From the line containing "Rental apartment with pool — photo 2" to the last line of the data, both included, transcribe each line exactly, leaving out pictures and adding nothing.

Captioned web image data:
__________________________________________________

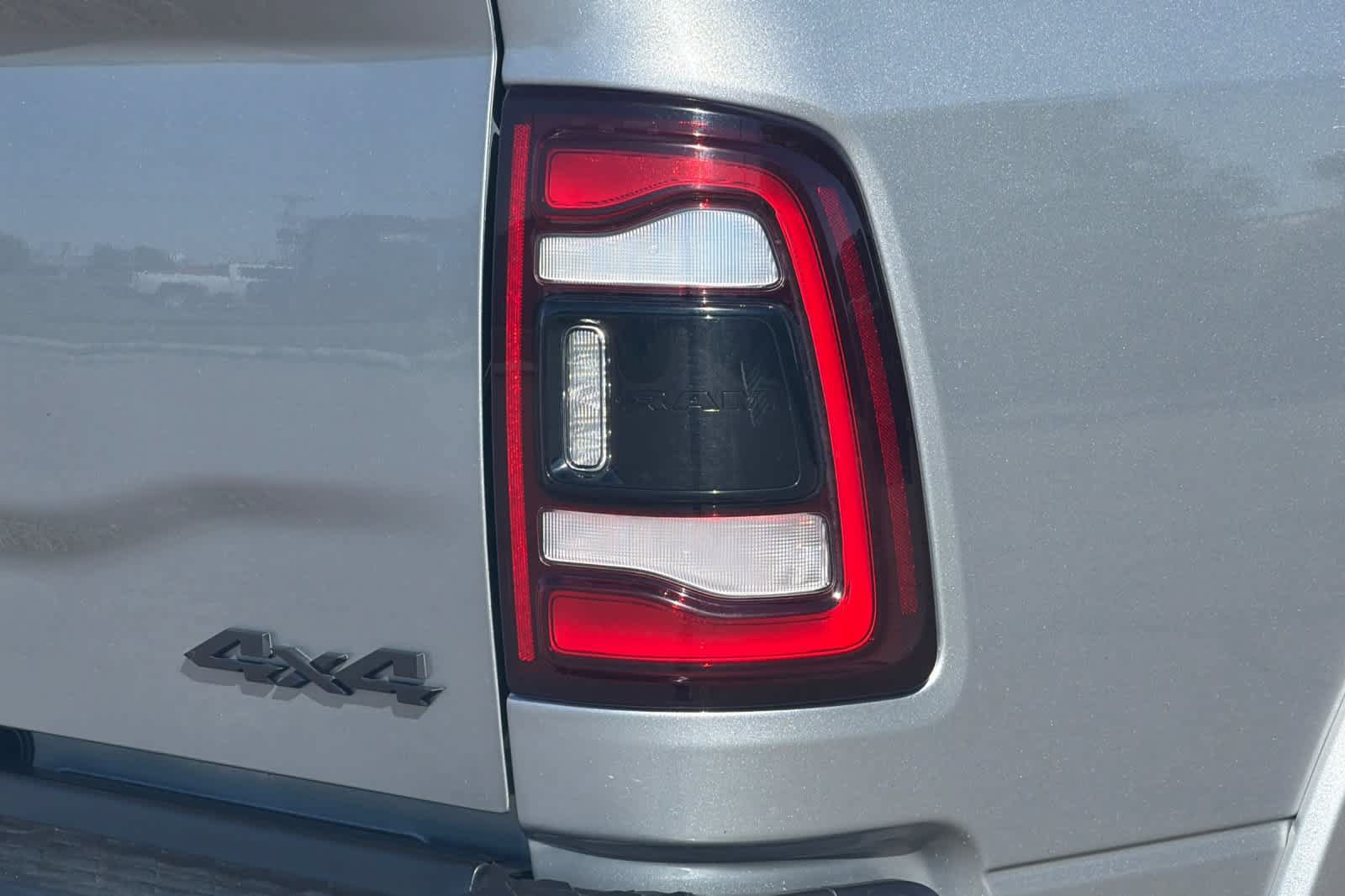 Used 2022 RAM 2500 Laramie w/ Night Edition AWD/4WD image 26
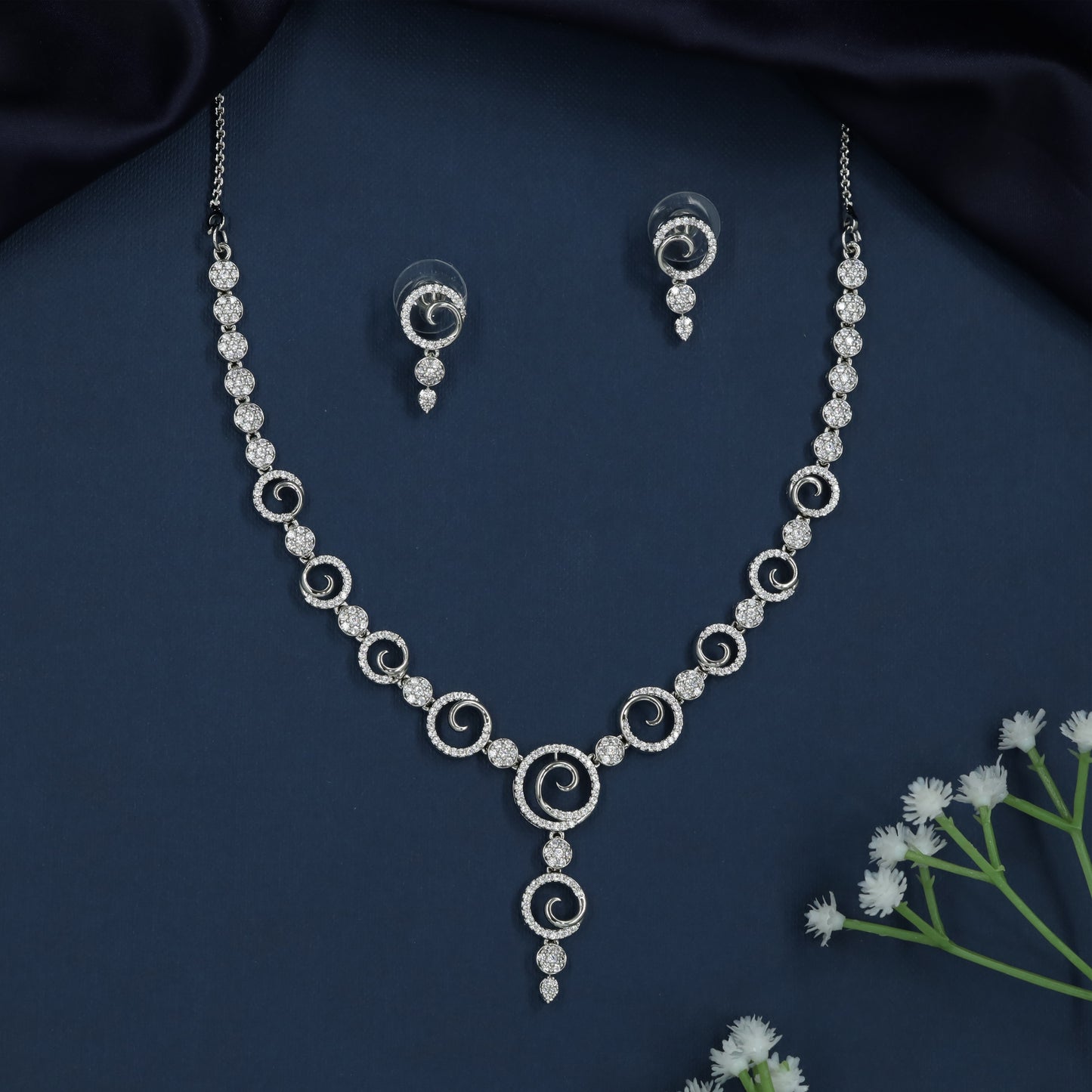 Radiating Swirl Layout Necklace with Rounded Border Formation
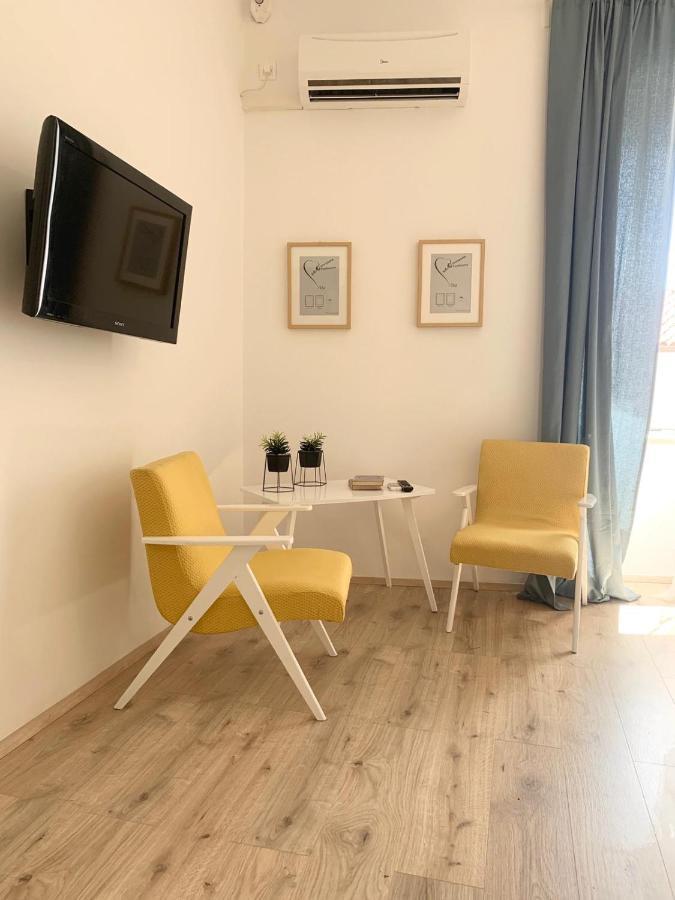 RA City Garden Suite Pula Buitenkant foto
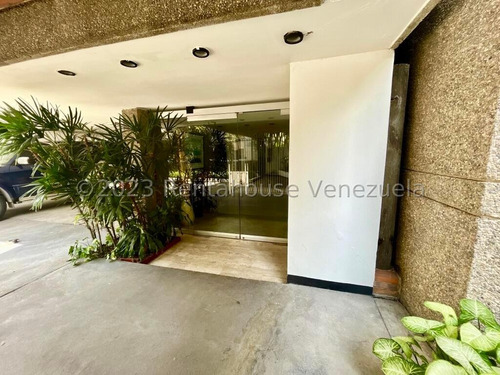 Bello Y Amplio Apartamento Remodelado En Las Mercedes Caracas 24-11158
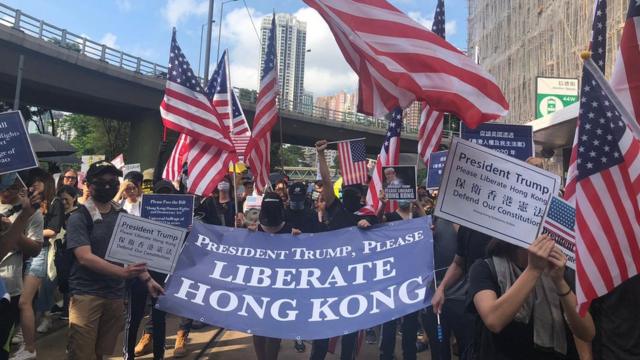 手持美国国旗游行的示威者认为，他们都只是身为香港人要求外国协助，不担心被视为"外国势力"。
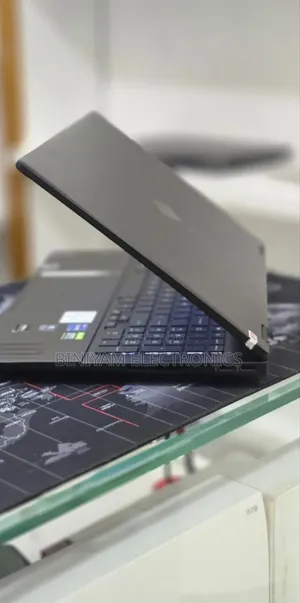 New Laptop HP Omen 16 16GB Intel Core i9 SSD 512GB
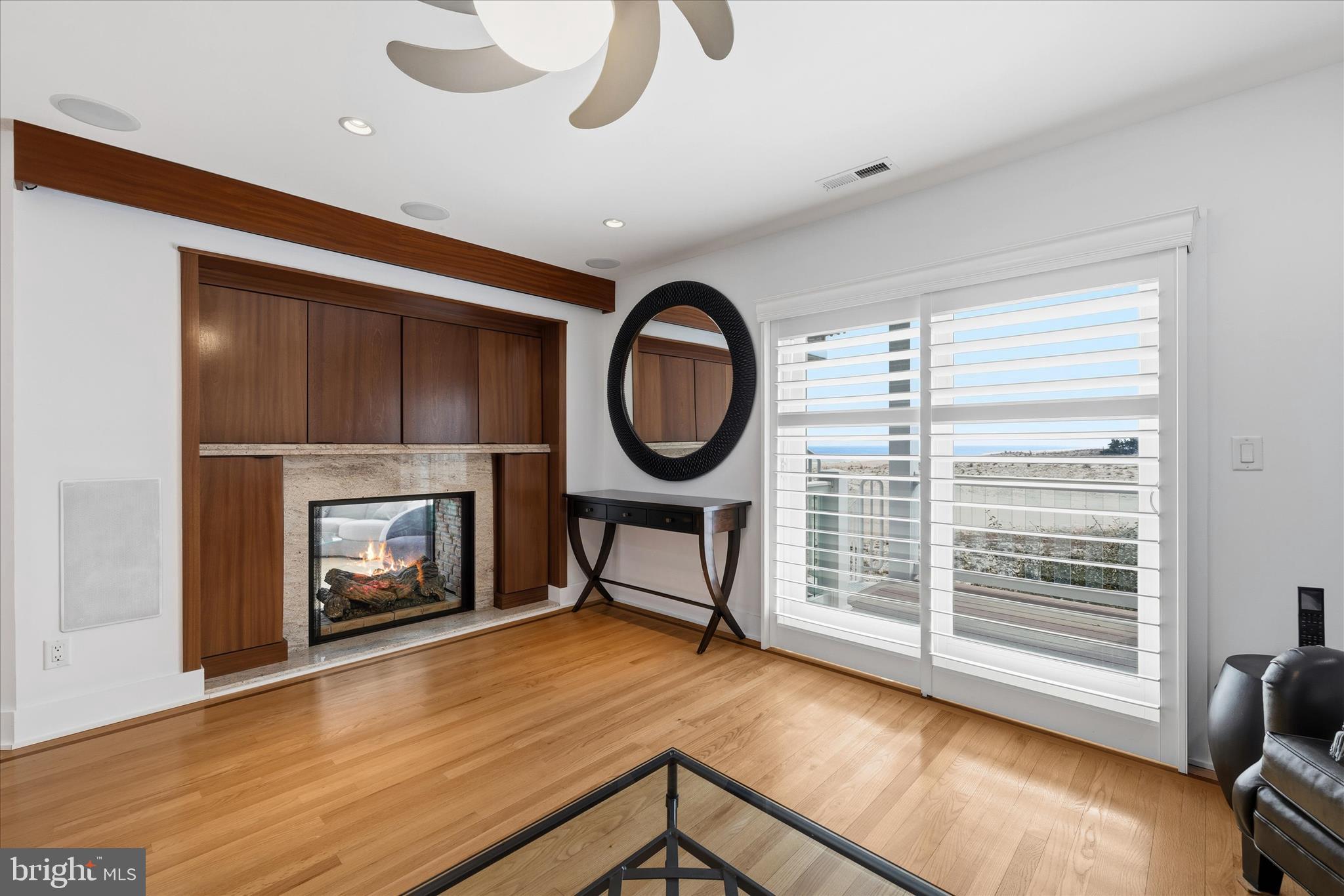 CURVES - Residential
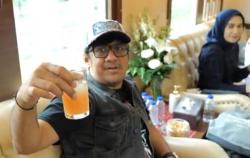  Andre Taulany Liburan Sekeluarga ke Jogja, Sewa Satu Gerbong Kereta Api<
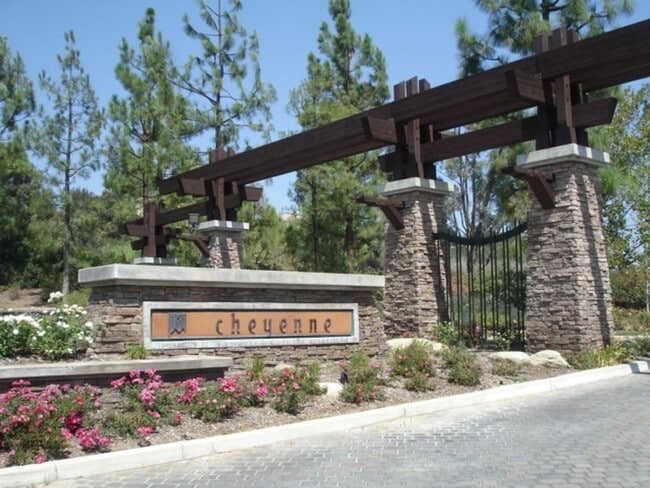 Building Photo - 2-Bedroom Townhome in Valencia's Cheyenne ...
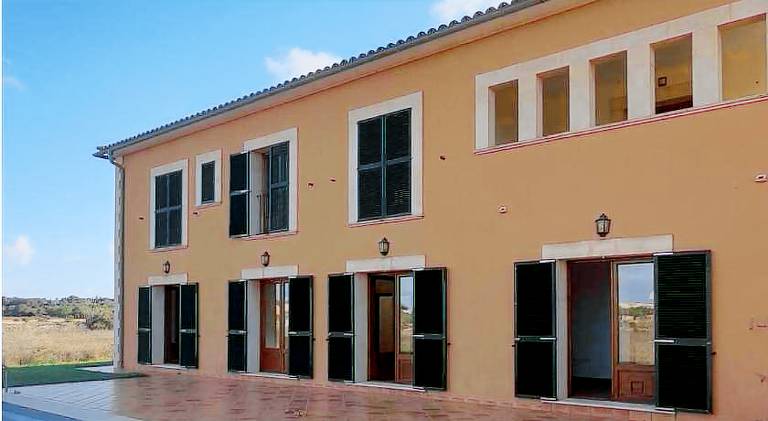 Rental apartment with pool — photo 2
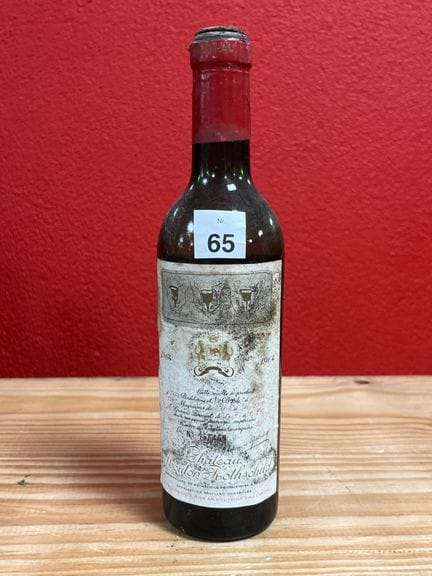 Una botella de 37,5 cl de Château Mouton Rothschil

__________________________________________________

Result for this task>
 Rental apartment with pool — photo 2
 Una botella de 37,5 cl de Château Mouton Rothschil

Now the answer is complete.